The representations, warranties and covenants set forth in this Article 15 are for the benefit of the other party only. There are no third-party beneficiaries to this Agreement or any of its representations or warranties.
16. | LIMITATION OF LIABILITY. |
16.1 Limitation of Liability: EXCEPT IN CONNECTION WITH (I) THIRD PARTY CLAIMS UNDER ARTICLE 17 OR 14.8(B); (II) A BREACH OF ARTICLE 13; UNDER NO CIRCUMSTANCES SHALL EITHER PARTY BE LIABLE TO THE OTHER PARTY HEREUNDER FOR LOSS OF USE OR PROFITS, COLLATERAL, SPECIAL, CONSEQUENTIAL, PUNITIVE, INCIDENTAL OR INDIRECT DAMAGES, LOSSES OR EXPENSES, INCLUDING BUT NOT LIMITED TO COST OF COVER, IN CONNECTION WITH OR BY REASON OF THE PRODUCTION AND DELIVERY OF CLIENT PRODUCT UNDER THIS AGREEMENT WHETHER SUCH CLAIMS ARE FOUNDED IN TORT OR CONTRACT.

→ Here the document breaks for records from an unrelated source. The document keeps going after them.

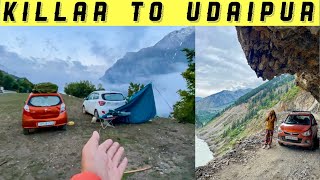 Vlog 153 Tent Uda Diya Tufaan Ne Killar To Udaipur, Iss Road Par Aane Se Pehle Soch Lena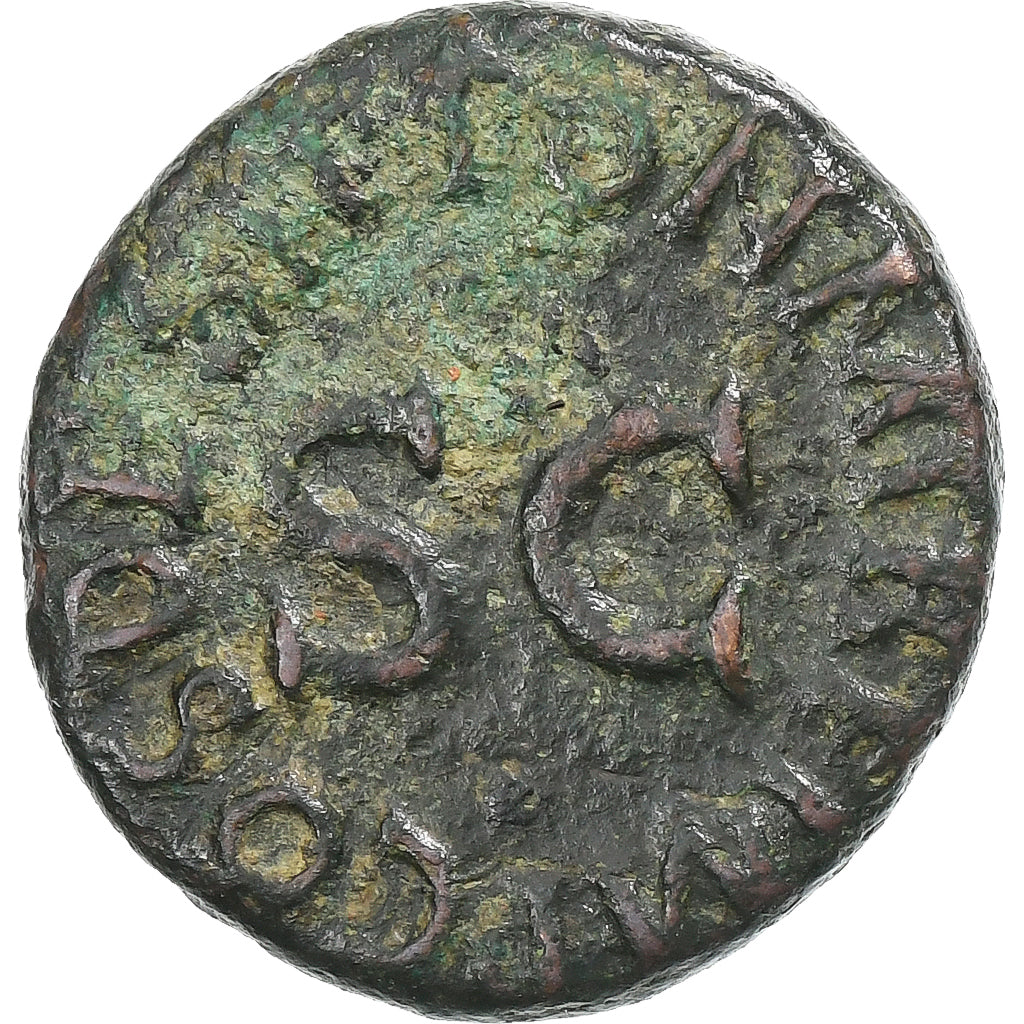 Claudius, Quadrans, 41, Rome, Bronze, VF(30-35), RIC:84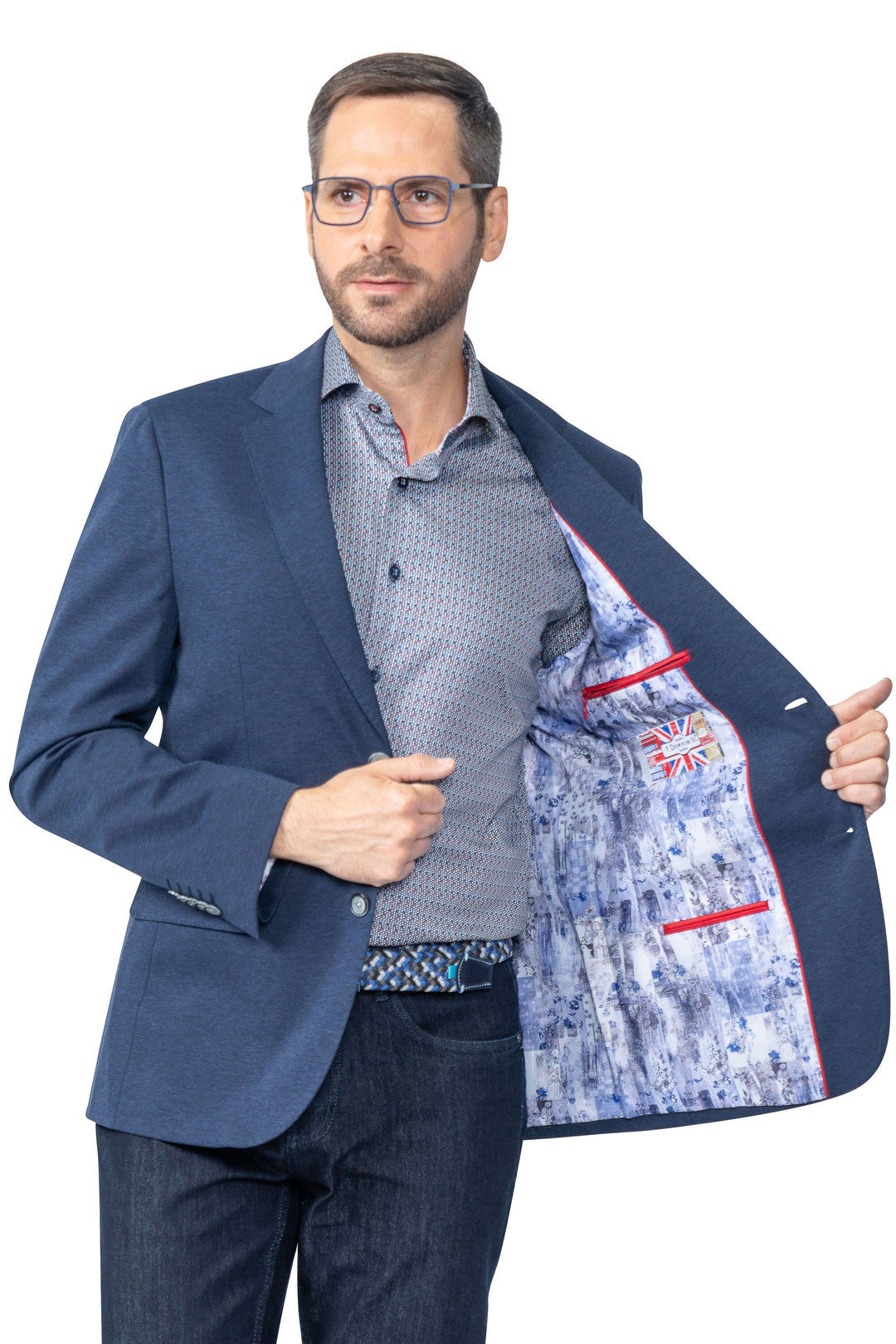 Corso Navy Travel Blazer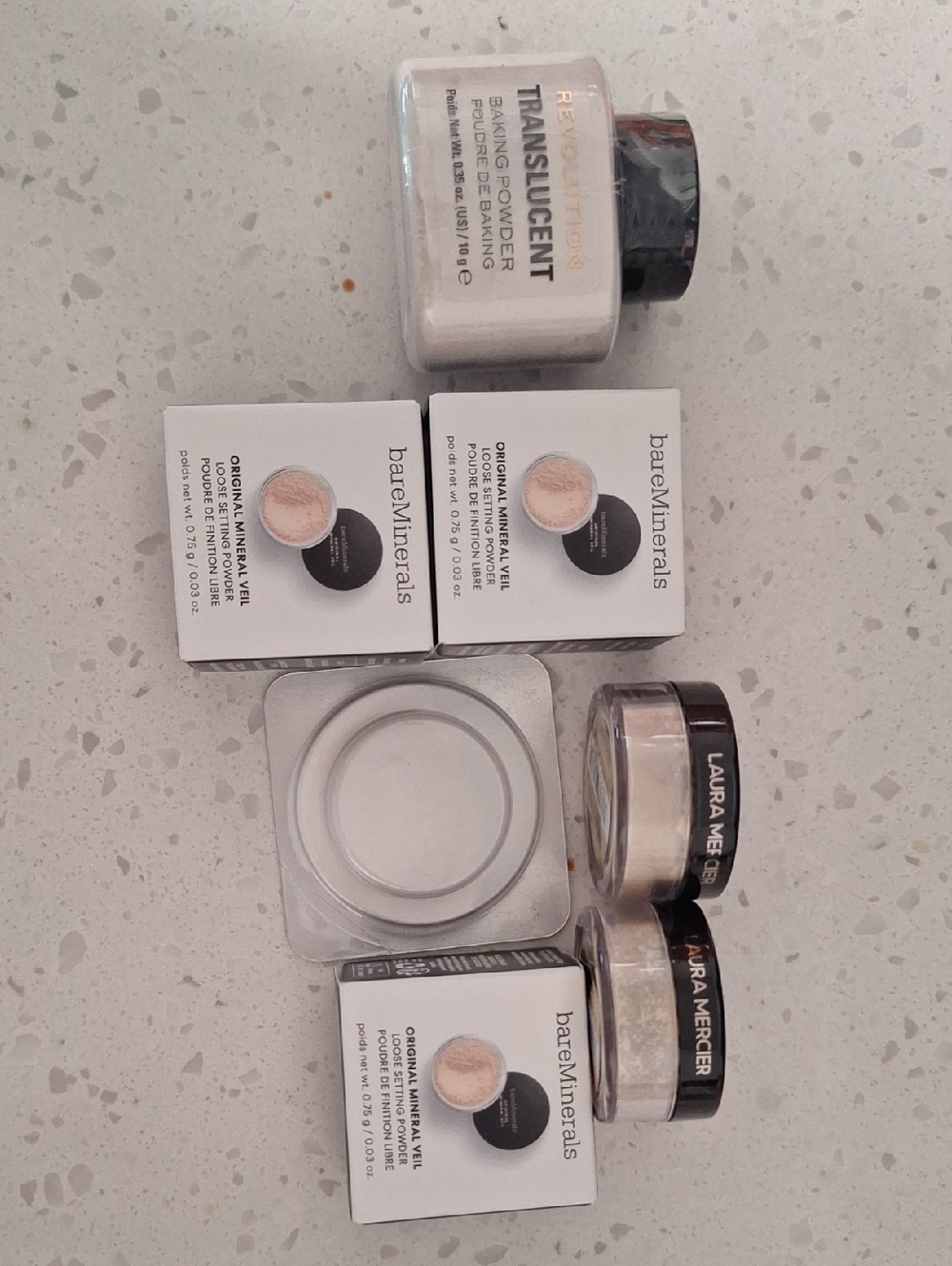 Laura Mercier & bareMinerals Translucent Setting Powders - Assorted Light Shades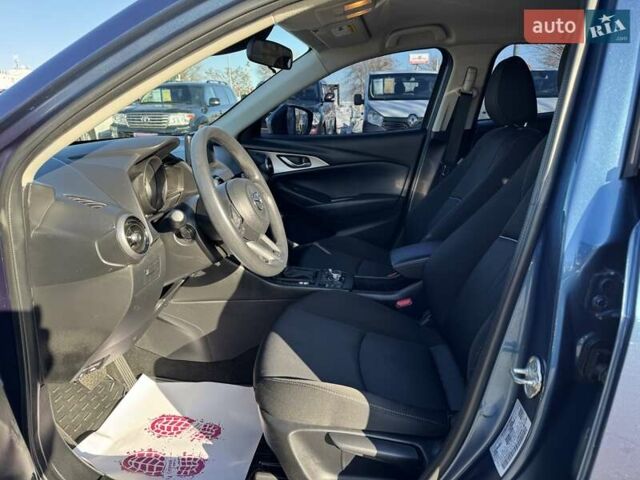 Синий Мазда СХ-3, объемом двигателя 2 л и пробегом 37 тыс. км за 16500 $, фото 12 на Automoto.ua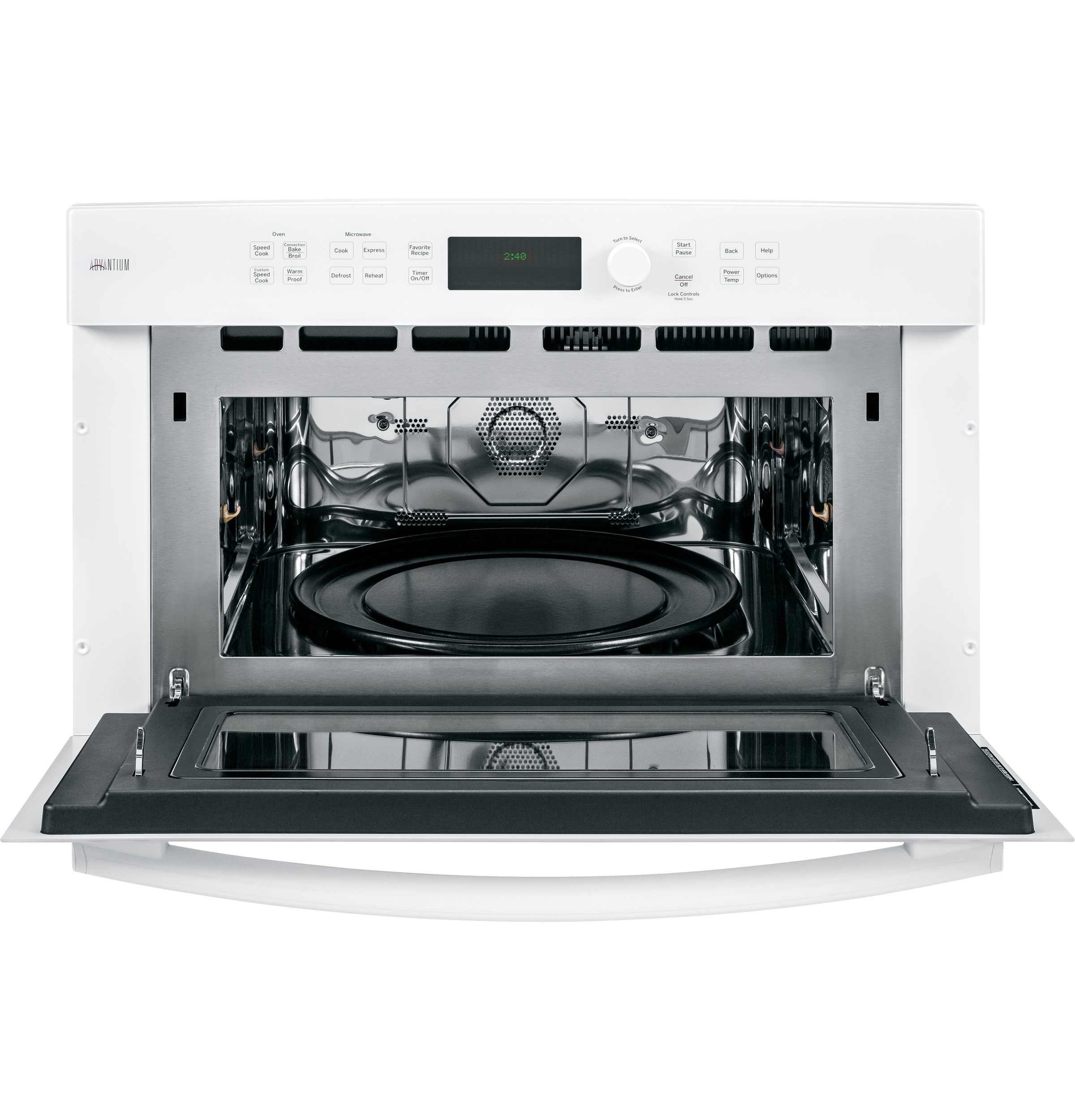 Series 30 in. Single Wall Oven with Advantium Technology PSB9240DFWW
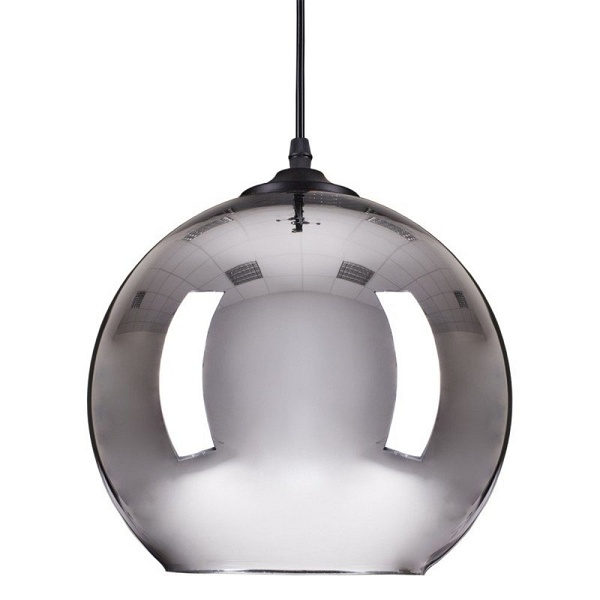 Lampa wisząca MIRROR GLOW - S chrom 25 cm Step Into Design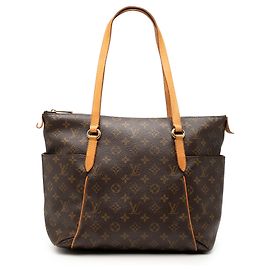 Louis Vuitton Marrone Monogram Totally MM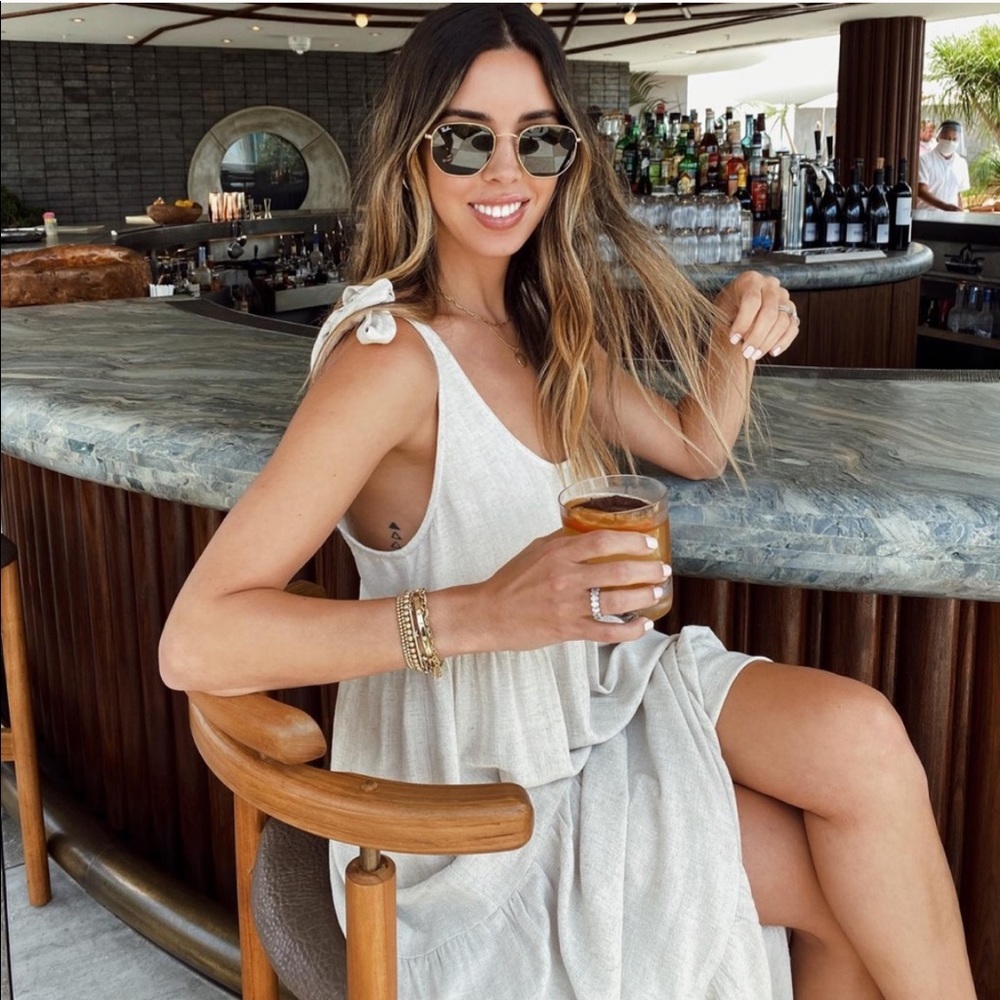 Rachel Pally Linen Adelaide Dress XS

EXCEPT IN CONNECTION WITH (I) THIRD PARTY CLAIMS UNDER ARTICLE 17 OR SECTION 14.8(B), (II) A BREACH OF ARTICLE 13, OR ARTICLE 10, IN NO EVENT SHALL ALTHEA’S AGGREGATE LIABILITY WITH RESPECT TO ANY CLAIM (OR SERIES OF RELATED CLAIMS) MADE WITH RESPECT TO ANY [**] MONTH PERIOD EXCEED (A) THE FEES PAID BY CLIENT TO XXXXXX FOR PRODUCTION AND NON-PRODUCTION SERVICES (EXCLUDING ALTHEA’S ACTUAL COSTS FOR XXXXXX-SUPPLIED COMPONENTS) DURING THE [**] MONTHS PRECEDING THE FIRST EVENT GIVING RISE TO THE CLAIM OR SERIES OF CLAIMS (SUCH NUMBER BEING CALCULATED WITH RESPECT TO (1) THE INITIAL 12-MONTH PERIOD FOLLOWING THE EFFECTIVE DATE, WITH A FLOOR AS THOUGH A MINIMUM OF [**] VIALS OF CLIENT PRODUCT HAD BEEN PRODUCED DURING SUCH [**]-MONTH PERIOD AND (2) AS OF ANY TIME THERAFTER, WITH A FLOOR AS THOUGH A MINIMUM OF [**] VIALS OF CLIENT PRODUCT HAD BEEN PRODUCED DURING THE RELEVANT 12-MONTH PERIOD PLUS (B) DURING THE INITIAL TERM HEREOF ONE-EIGHTH OF THE AGGREGATE RESERVATION FEE PAID TO THE DATE OF SUCH FIRST EVENT BY CLIENT UNDER THE CRA. THIS LIMITATION SHALL APPLY NOTWITHSTANDING ANY FAILURE OF ESSENTIAL PURPOSE OF ANY LIMITED REMEDY. IN NO EVENT WILL XXXXXX BE RESPONSIBLE FOR REPLACING ANY COMPONENTS OR MATERIALS SUPPLIED BY CLIENT, EXCEPT AS EXPRESSLY SET FORTH HEREIN.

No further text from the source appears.